Seattle’s bid to force drivers for rideshare companies like Lyft and Uber to pay union dues to the Teamsters continues apace. As we have noted before, this is an unprecedented attempt to force unionization on independent contractors, who even the National Labor Relations Act exempts from collective bargaining. The Ninth Circuit is currently considering an emergency motion, filed Monday by the U.S. Chamber of Commerce and Uber’s affiliate (Rasier, Inc.), to enjoin the City Ordinance.
As the motion for injunction alleges, the Ordinance represents an existential threat to ridesharing in Seattle, and puts drivers, passengers, and communities at risk of serious harm.
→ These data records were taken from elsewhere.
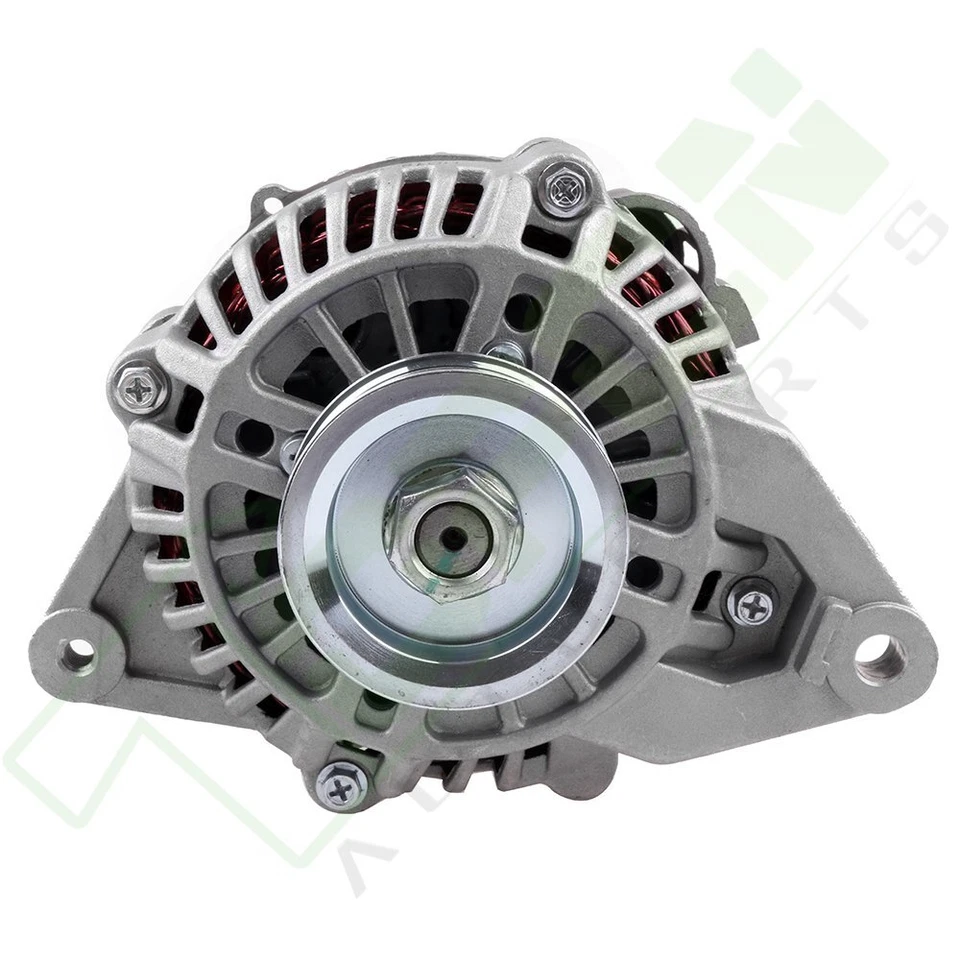 Alternador para Mitsubishi Montero Sport 1997-2004 12V 3,0L 3,5L A3TA0791 85AMP Foto 4 de 4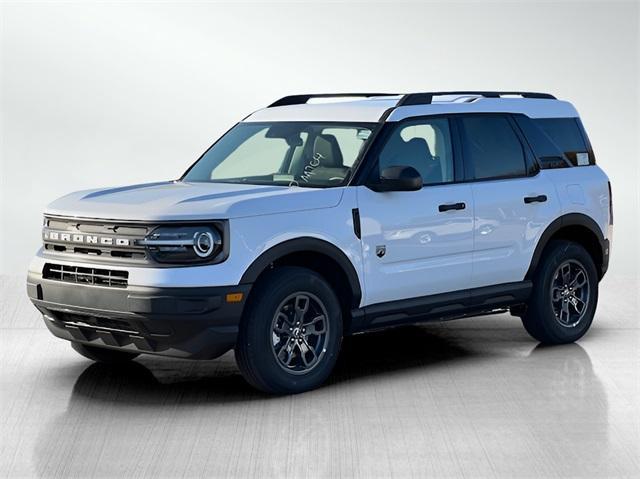 new 2024 Ford Bronco Sport car, priced at $28,762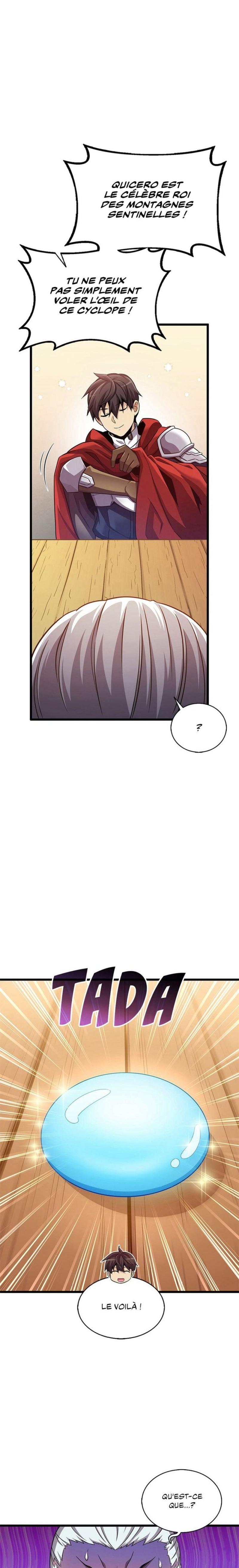 Read Arcane Sniper FR Manga Online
Drivers will be harmed because, under the current rules, 70 percent of Lyft’s drivers will not be allowed to vote in an election that will determine whether dues are deducted from their earnings. Nor do they get a choice of union – the City designated the Teamsters the “exclusive driver representative” under the Ordinance. The Teamsters have the power to expand the pool of eligible voters, but have declined to do so.
Moreover, the Ordinance requires rideshare companies to give the Teamsters confidential contact information of eligible drivers, including mailing addresses, e-mail addresses, and phone numbers, whether or not the drivers consent. As a result, the drivers will suffer significant harm to their privacy interests, as union representatives are not known for their reticence during union election campaigns.
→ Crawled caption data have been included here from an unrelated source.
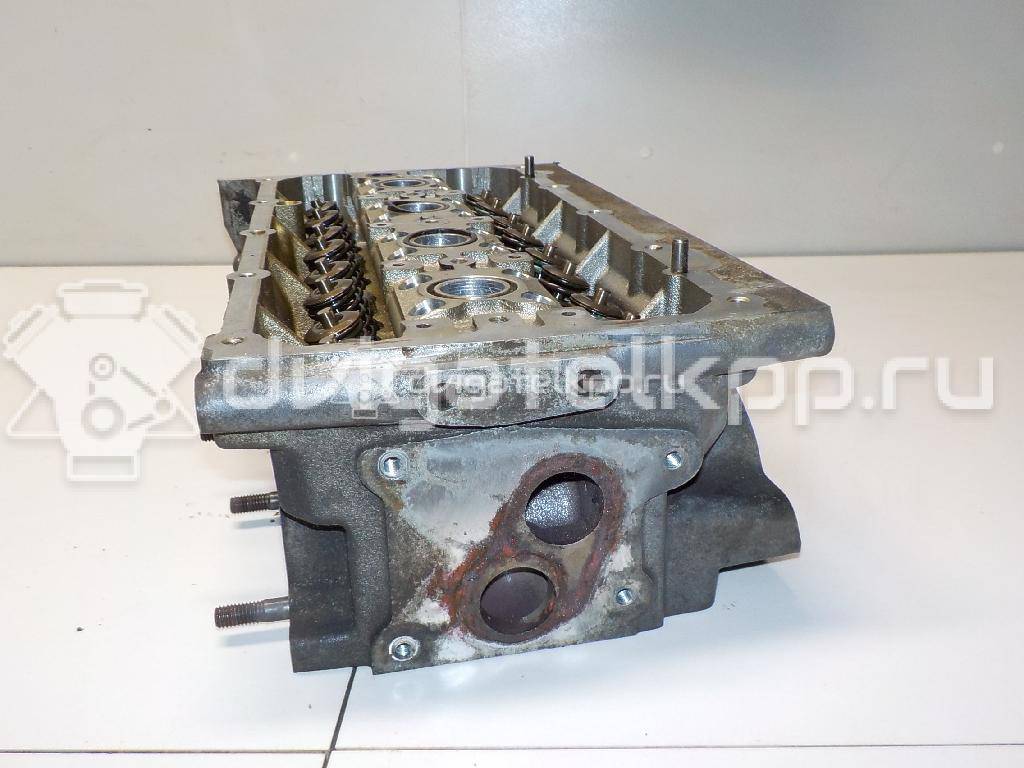 Фото Головка блока для двигателя CFNA для Volkswagen Vento 105 л.с 16V 1.6 л бензин 03C103351K {forloop.counter}}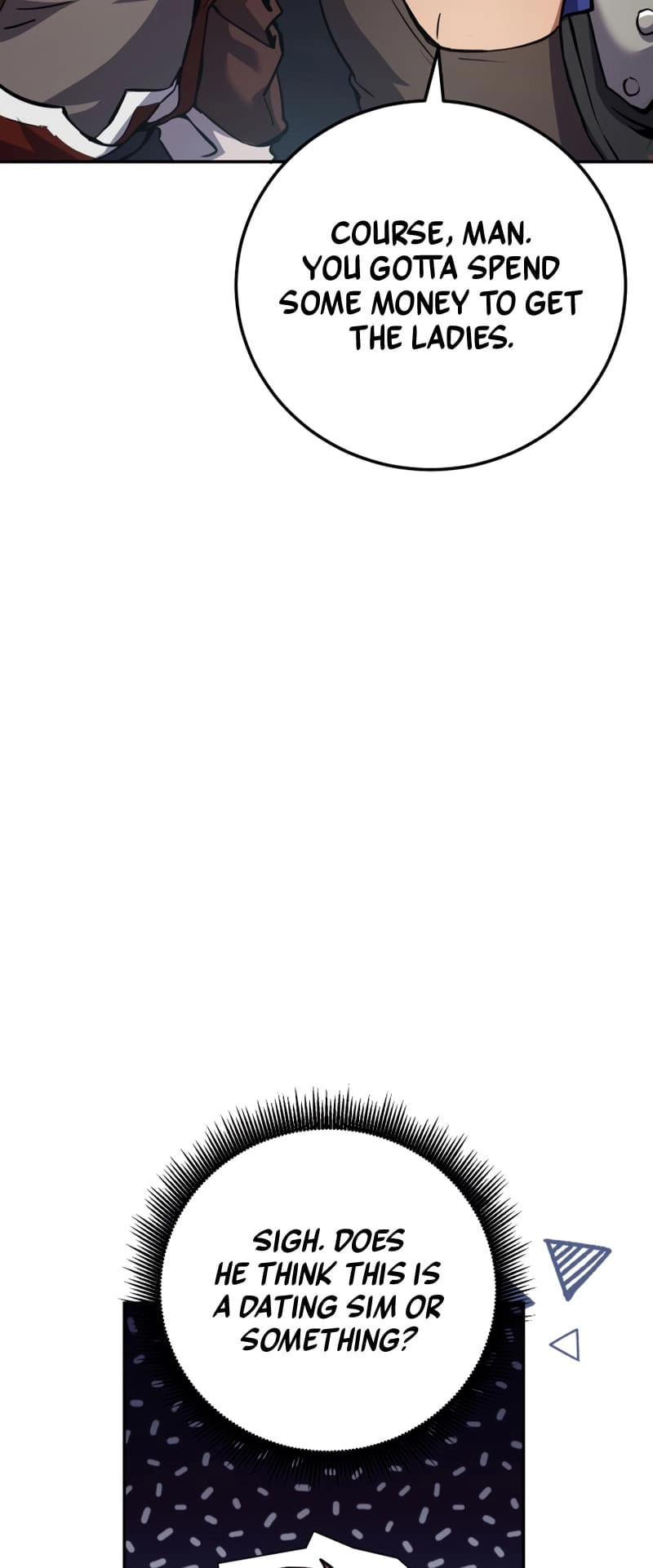Zig the Blacksmith Chapter 4, page 61 of 83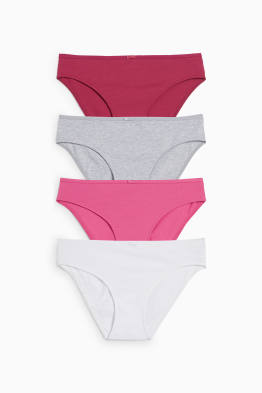 Set van 4 - slip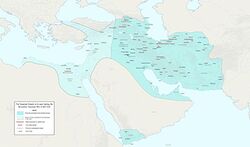 II. Hüsrev döneminde Sasani İmparatorluğu (620)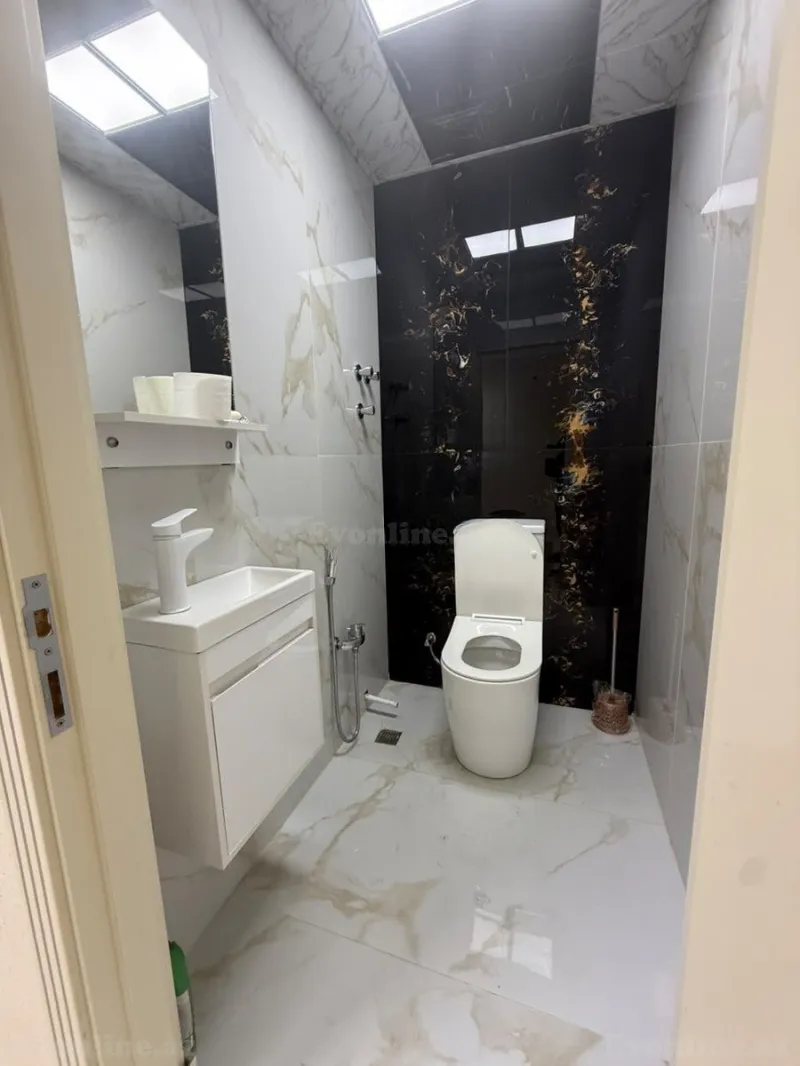 Satılır 3 otaqlı Mənzil Yeni tikili 1188 m² Bakı, Binəqədi r., Nəsimi m., M.Ə.Rəsulzadə — Mənzil, Bakı (3)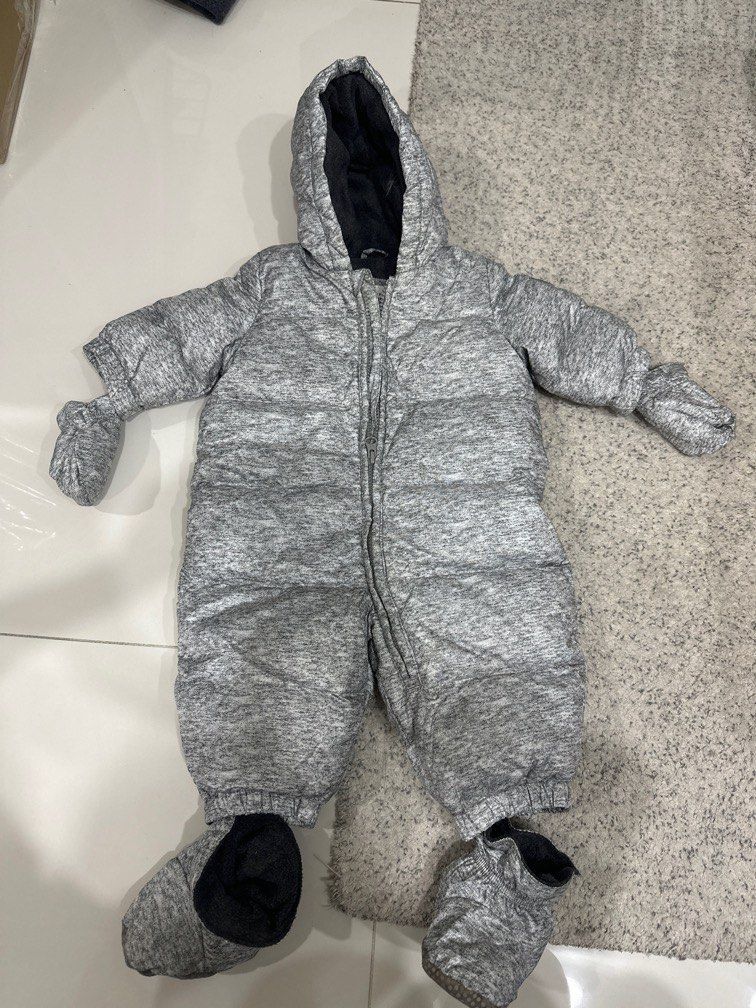 Baby Gap snow suit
Moreover, if the Teamsters win the election, they will be empowered to negotiate “minimum hours of work” for drivers, which could easily negate the attractiveness of the platform for those drivers for whom flexibility in hours is the main attraction of using a rideshare app to find customers. Driving for two or three hours for two or three nights a week to supplement income could become impossible.
This will almost certainly reduce the amount of rides available to passengers – and increase their fares as a result of supply and demand effects, well beyond the surcharge applied by the city to manage the scheme. Fewer rides also means fewer tips for drivers (Lyft’s drivers earned $100 million in tips in 2016).
Fewer rides and higher prices will have a negative effect on Seattle’s community economy at large. Surveys show that rideshare passengers visit local businesses more, go out more and stay out later, and explore new areas. In particular, rideshare companies are helping to solve the “transportation desert” problem of underserved communities like Washington DC’s Anacostia and the South Side of Chicago.
Those who believe the sharing economy has much to offer the worker as it evolves will need to keep a close eye on what happens in Seattle.